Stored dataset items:
· · ·
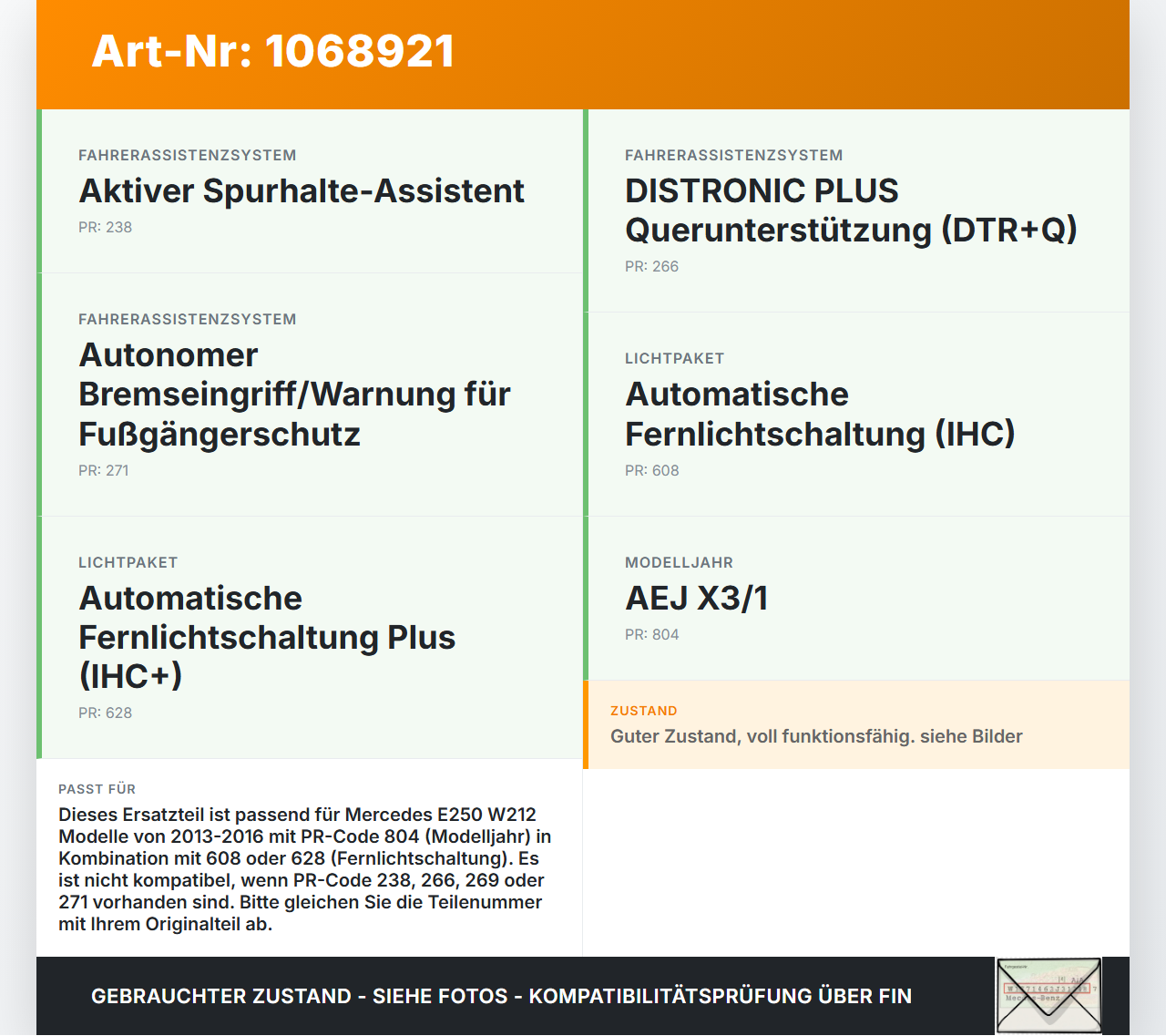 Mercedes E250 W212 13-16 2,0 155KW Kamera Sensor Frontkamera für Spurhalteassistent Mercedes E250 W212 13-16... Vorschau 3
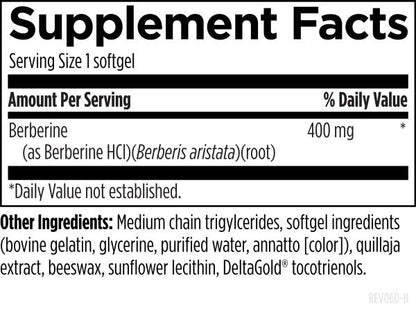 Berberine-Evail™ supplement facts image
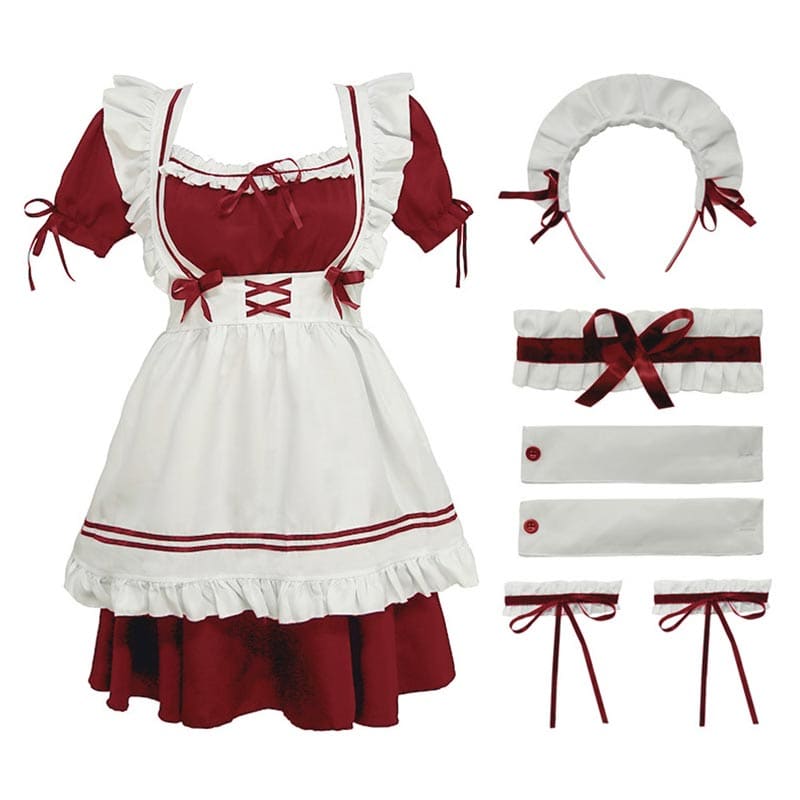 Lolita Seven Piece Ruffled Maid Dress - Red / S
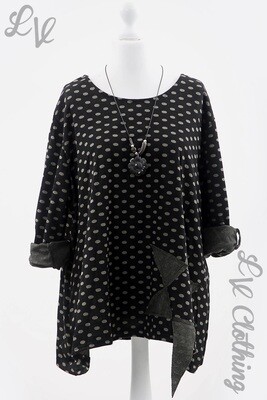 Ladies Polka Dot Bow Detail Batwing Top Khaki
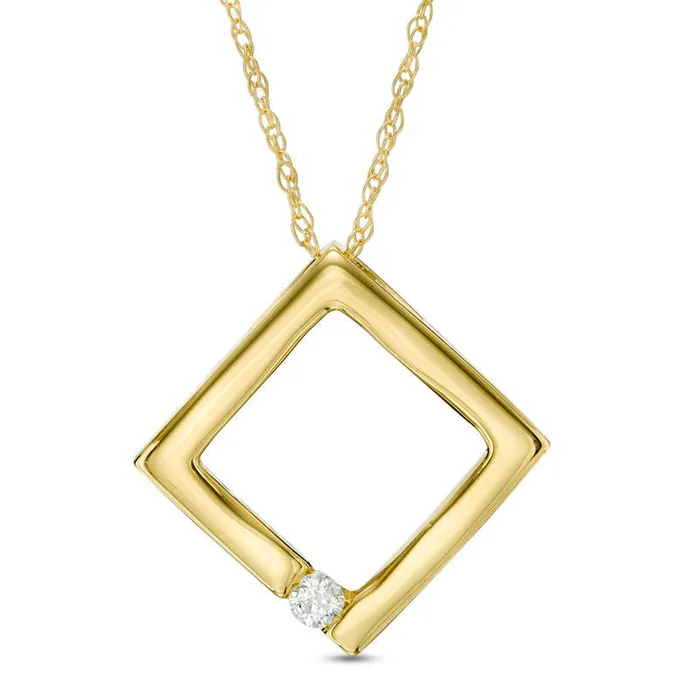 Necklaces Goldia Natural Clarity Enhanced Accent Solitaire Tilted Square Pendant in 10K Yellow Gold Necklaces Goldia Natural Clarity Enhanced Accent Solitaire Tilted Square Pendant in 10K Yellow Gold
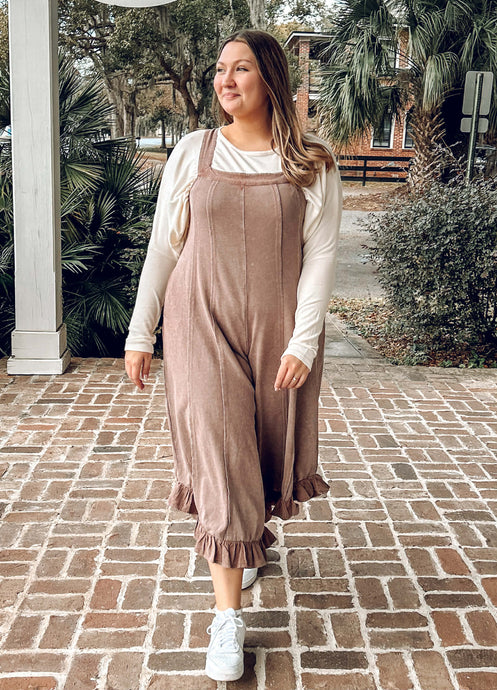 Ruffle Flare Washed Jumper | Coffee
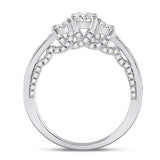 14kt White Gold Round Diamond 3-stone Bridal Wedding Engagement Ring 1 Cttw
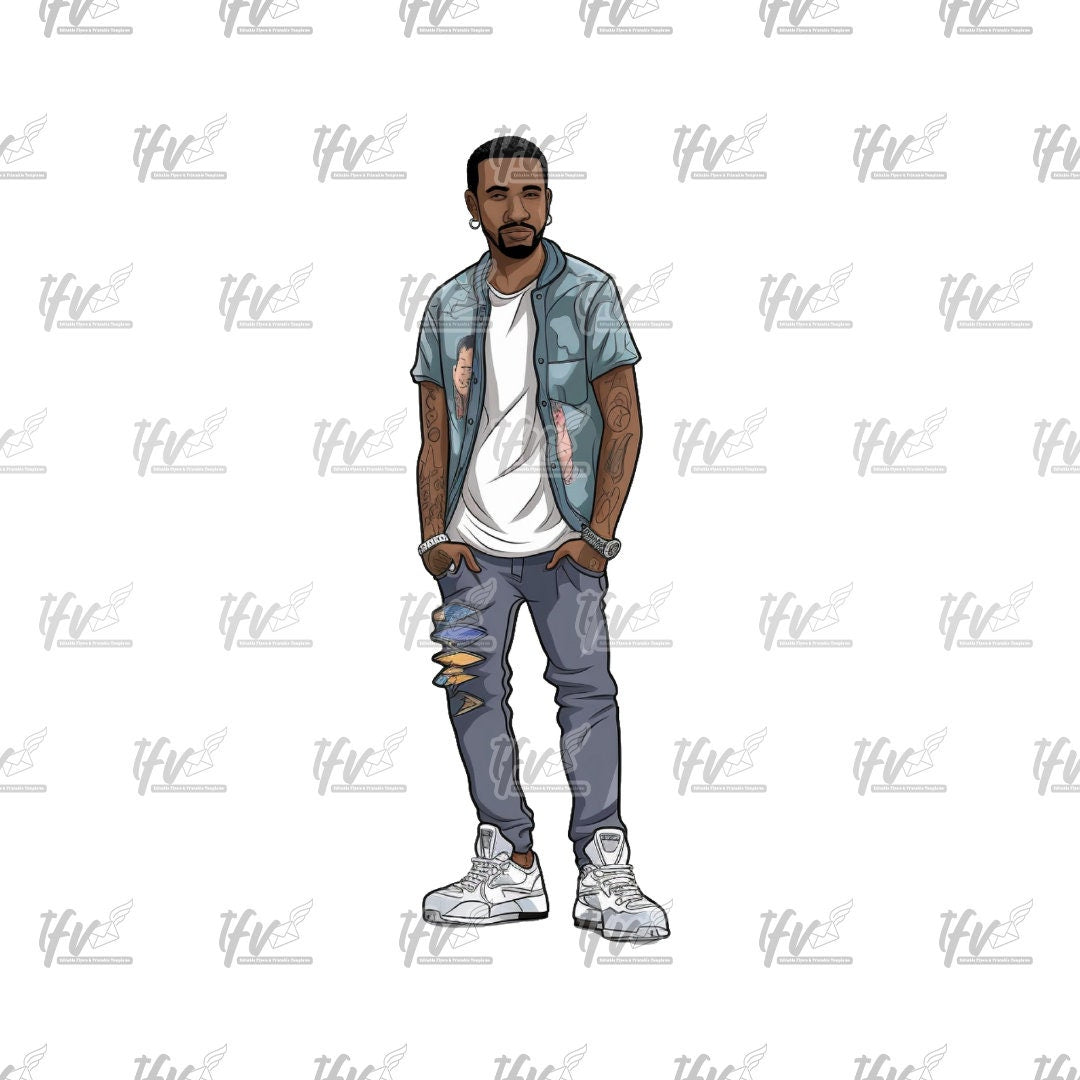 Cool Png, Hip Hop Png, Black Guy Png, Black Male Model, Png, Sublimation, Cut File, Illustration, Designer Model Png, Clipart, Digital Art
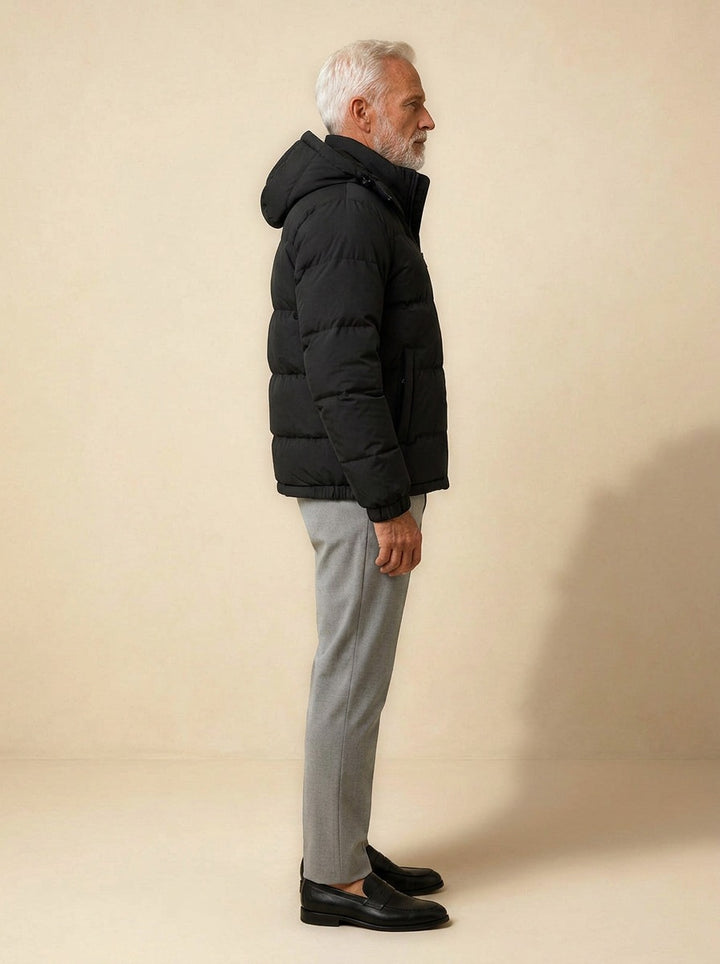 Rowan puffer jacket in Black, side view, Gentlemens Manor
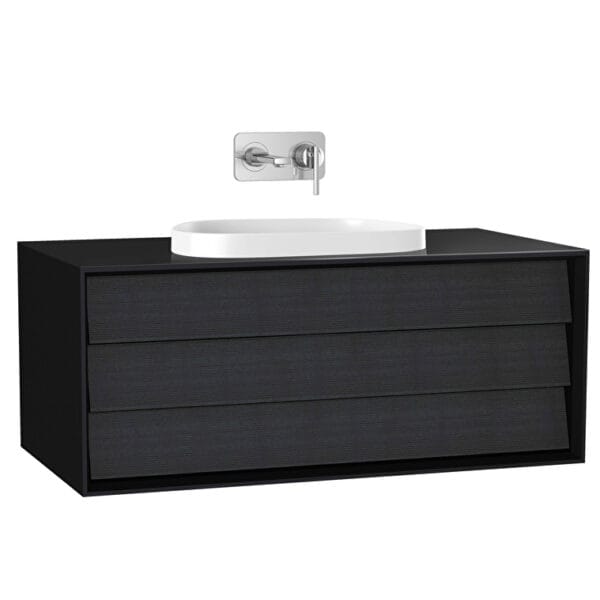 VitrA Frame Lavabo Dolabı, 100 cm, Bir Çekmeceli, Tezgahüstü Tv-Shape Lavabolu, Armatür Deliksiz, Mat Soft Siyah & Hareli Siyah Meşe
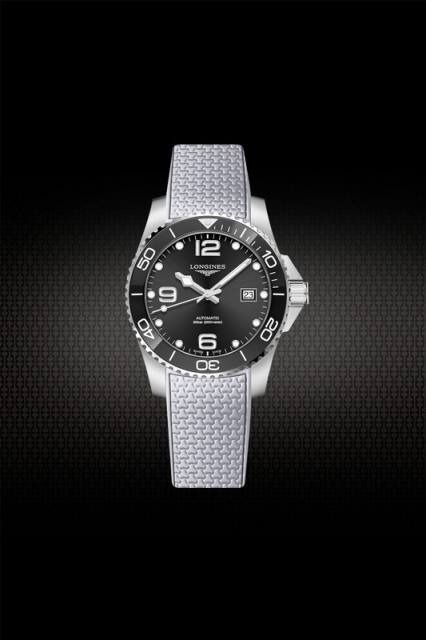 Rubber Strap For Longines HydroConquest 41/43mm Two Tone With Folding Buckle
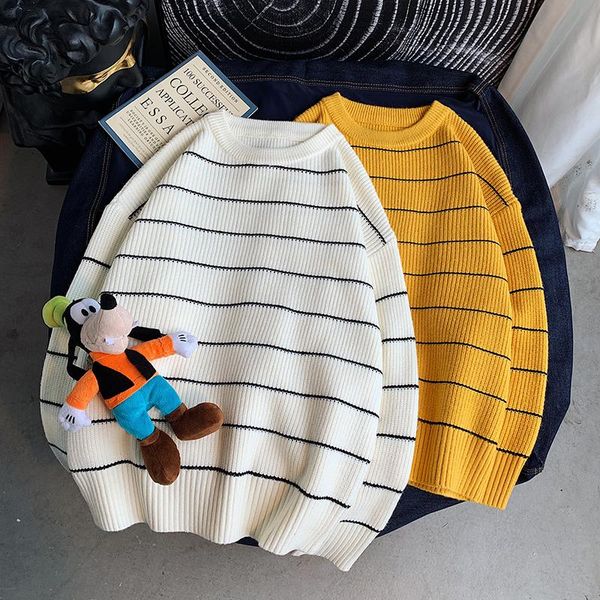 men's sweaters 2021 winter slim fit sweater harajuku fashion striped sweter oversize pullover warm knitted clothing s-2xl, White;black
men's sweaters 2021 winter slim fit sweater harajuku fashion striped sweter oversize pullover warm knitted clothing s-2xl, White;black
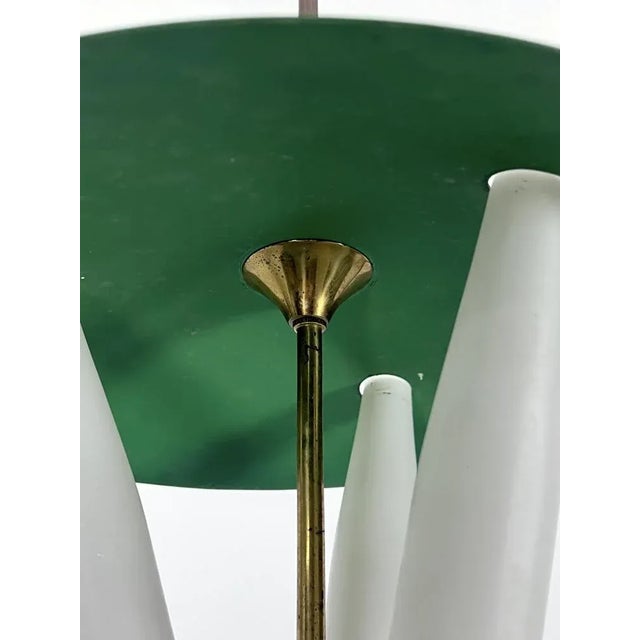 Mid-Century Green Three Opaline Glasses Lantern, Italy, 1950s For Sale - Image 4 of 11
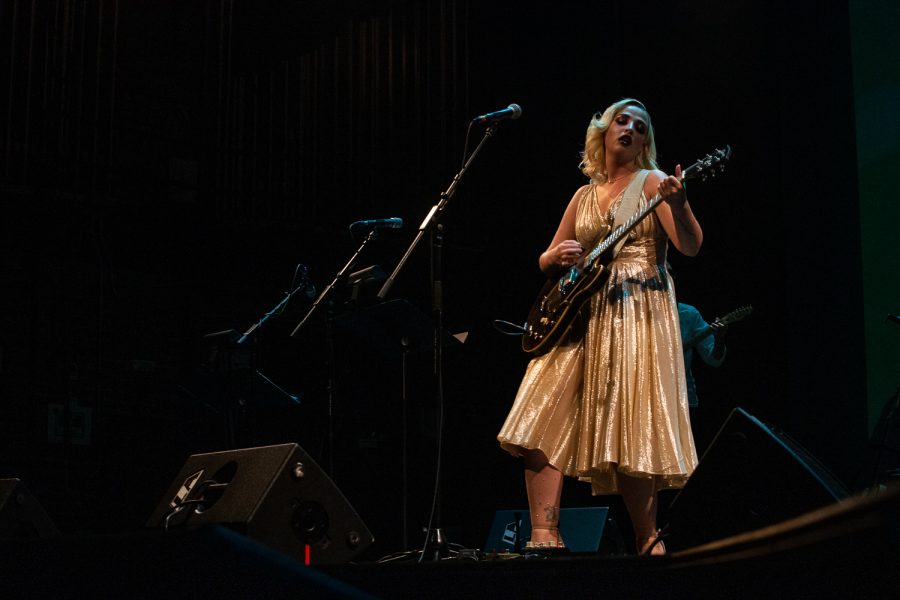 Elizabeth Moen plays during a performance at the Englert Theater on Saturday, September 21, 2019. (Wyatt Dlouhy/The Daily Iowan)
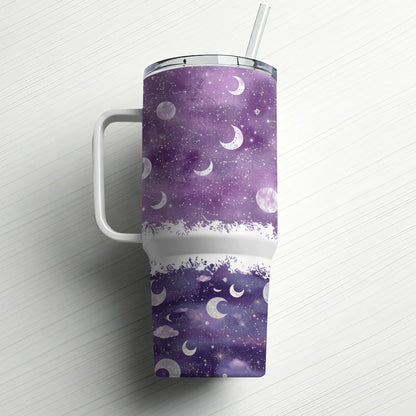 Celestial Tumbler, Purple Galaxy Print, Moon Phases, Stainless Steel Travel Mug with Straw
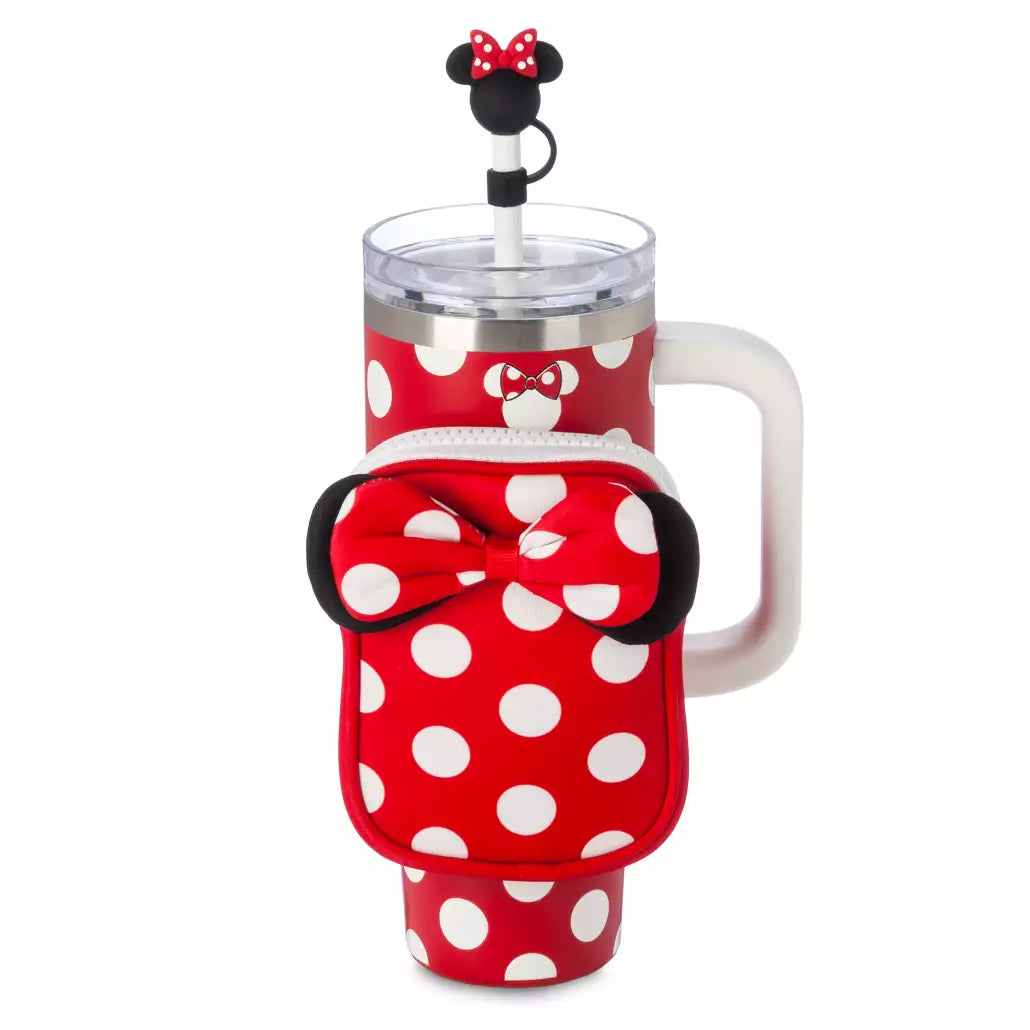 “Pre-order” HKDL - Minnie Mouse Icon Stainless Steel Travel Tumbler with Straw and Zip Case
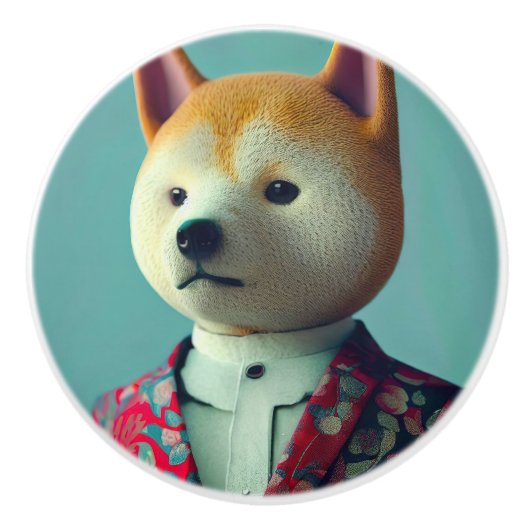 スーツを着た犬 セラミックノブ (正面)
· · ·
■ EXERCISE DESCRIPTION: Write down exactly what the lines above say, from the line holding "Ladies Polka Dot" through the line holding "14kt White Gold", and nothing more. Do not copy the pictures.

■ PROBLEM SOLUTION:
 Ladies Polka Dot Bow Detail Batwing Top Khaki
 Necklaces Goldia Natural Clarity Enhanced Accent Solitaire Tilted Square Pendant in 10K Yellow Gold Necklaces Goldia Natural Clarity Enhanced Accent Solitaire Tilted Square Pendant in 10K Yellow Gold
 Ruffle Flare Washed Jumper | Coffee
 14kt White Gold Round Diamond 3-stone Bridal Wedding Engagement Ring 1 Cttw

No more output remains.